- Born: 1903 Williamstown, Vermont, U.S.
- Died: 1981 (aged 77–78) Salisbury, Maryland, U.S.

Academic background
- Alma mater: Columbia College

Academic work
- Institutions: Columbia University

= William York Tindall =

American academic, Joycean scholar (1903–1981)

William York Tindall (1903–1981) was an American Joycean scholar with a long and distinguished teaching career at Columbia University. Several of Tindall's classic works of criticism, including A Reader's Guide to James Joyce and A Reader's Guide to Finnegans Wake are still in print. He wrote a total of thirteen books on UK and Irish writers including Joyce, Dylan Thomas, W. B. Yeats, and Samuel Beckett.

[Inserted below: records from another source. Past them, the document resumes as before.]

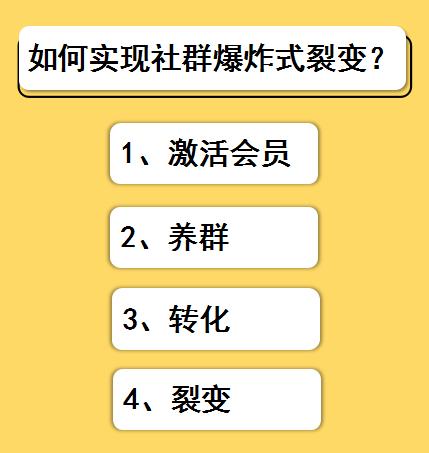 社群裂变必学的四大秘诀,社群裂变的最佳方法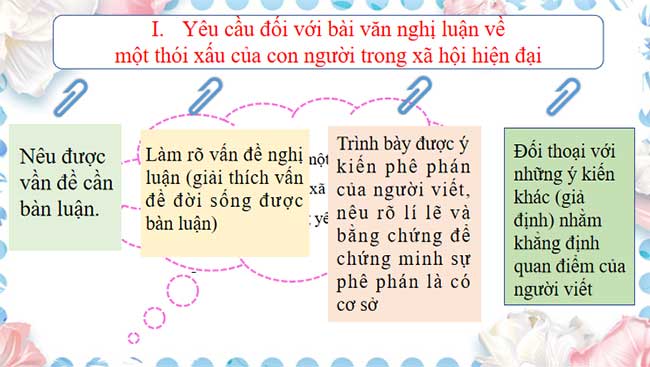 Viết bài văn nghị luận về một vấn đề đời sống
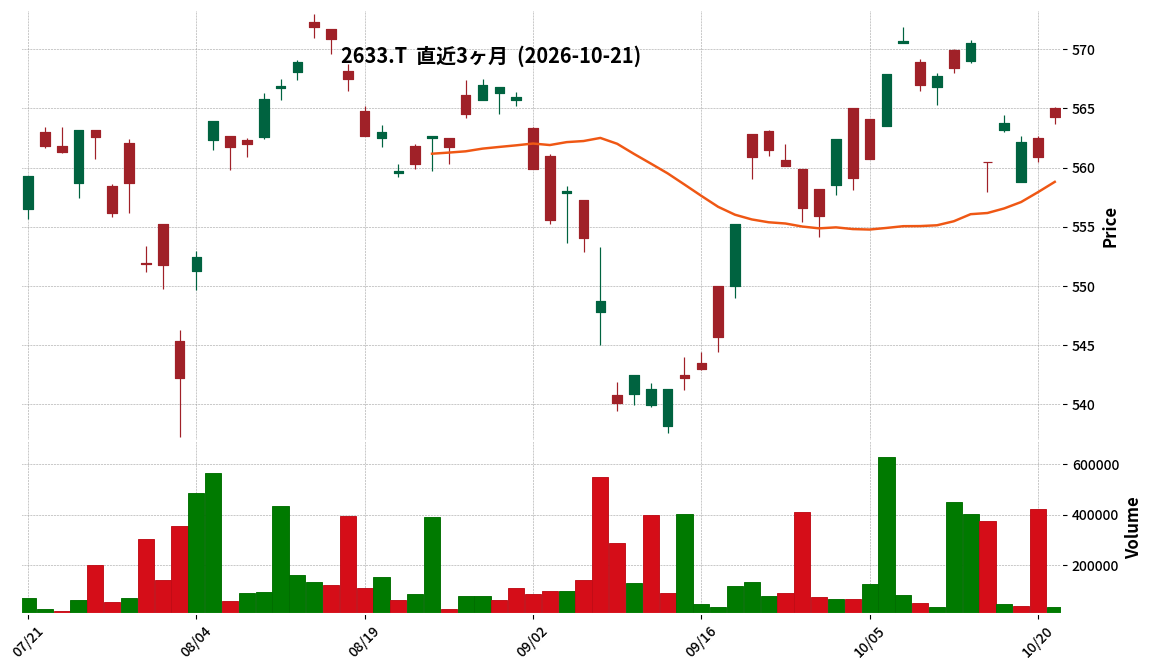 Ｓ＆Ｐ５００ヘッジ無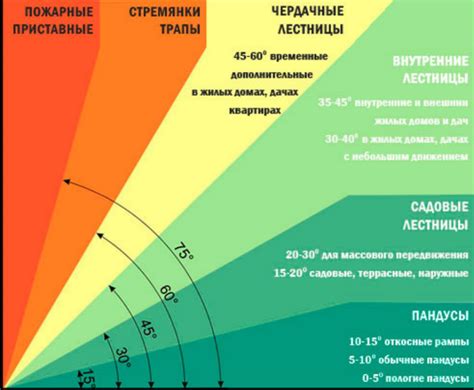 Правильный угол наклона зеркал для повышения обзорности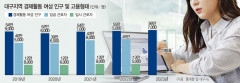 대구 여성 임금근로자 45만명…여성 경제활동이 활발해져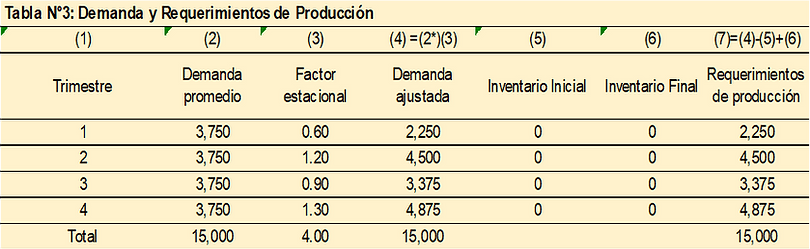 Produccion3.png
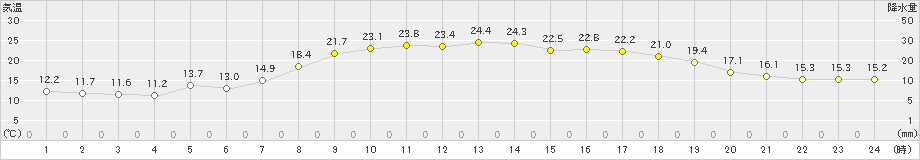 喜入(>2021年04月30日)のアメダスグラフ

Indeed, Tindall nominated Beckett for the Nobel Prize in Literature; Beckett was the 1969 laureate.

Born in Vermont, he studied at Columbia, both as an undergraduate and graduate student. As an undergraduate, Tindall was a member of the Philolexian Society. Between those courses of study, in 1925 he set off to see Europe. He went to Paris and bought a copy of Joyce's Ulysses — then banned in America. By chance, he bought it on June 16, Bloomsday, the day in which all the events in the book take place. He had it rebound as a French novel to carry it through US Customs. That began Professor Tindall's study of and advocacy for Joyce's works in America; in fact, he started teaching Ulysses before the book was allowed in the US. Therefore, students in his first Ulysses course were forced to read the dean's copy kept secured in the university library. Finally in 1933, the United States District Court in New York City ruled that the novel was not obscene and could be published in America and in January 1934 Ulysses was available legally in the US.

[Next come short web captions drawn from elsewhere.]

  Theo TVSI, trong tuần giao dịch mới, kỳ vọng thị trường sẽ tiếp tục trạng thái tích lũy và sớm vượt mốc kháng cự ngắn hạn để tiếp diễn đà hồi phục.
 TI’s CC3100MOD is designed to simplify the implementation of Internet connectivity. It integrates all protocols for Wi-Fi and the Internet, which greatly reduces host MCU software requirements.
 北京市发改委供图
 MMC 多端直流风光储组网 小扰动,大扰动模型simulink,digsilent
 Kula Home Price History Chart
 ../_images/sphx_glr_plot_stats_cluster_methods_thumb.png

Professor Tindall's teaching career at Columbia lasted from 1931 to 1971. For four decades, he taught some of the most popular literary criticism courses in the curriculum. He pioneered a method of reading Joyce's most difficult novel Finnegans Wake with a small group of graduate students, everyone adding a bit of their academic knowledge to the task. He called this Reading by Committee, saying that the group brought to it "a variety of languages and learning, [and] might do more with the book than I alone, with small learning and less Greek."